The expected answer is the set of lines in the data below between the line holding "Plana & 4* Castel Volturno" and the line holding "18 Waterman Road", inclusive, written out exactly.

(Data extract Opens)

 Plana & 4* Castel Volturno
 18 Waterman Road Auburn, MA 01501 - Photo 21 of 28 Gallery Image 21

(Data extract Closes)
(Data extract Opens)

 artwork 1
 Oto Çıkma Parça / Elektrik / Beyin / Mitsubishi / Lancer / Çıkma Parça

(Data extract Closes)
(Data extract Opens)

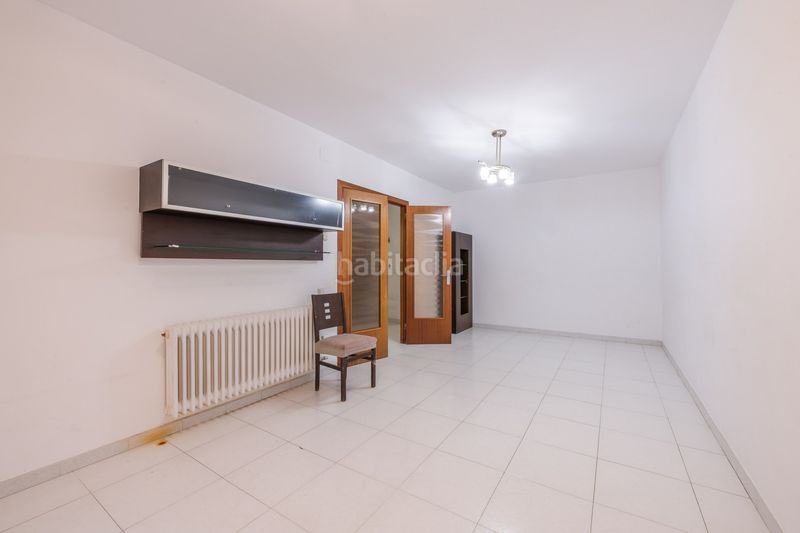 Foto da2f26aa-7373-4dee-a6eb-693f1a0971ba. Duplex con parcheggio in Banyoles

(Data extract Closes)

- _Task result_:
 Plana & 4* Castel Volturno
 18 Waterman Road Auburn, MA 01501 - Photo 21 of 28 Gallery Image 21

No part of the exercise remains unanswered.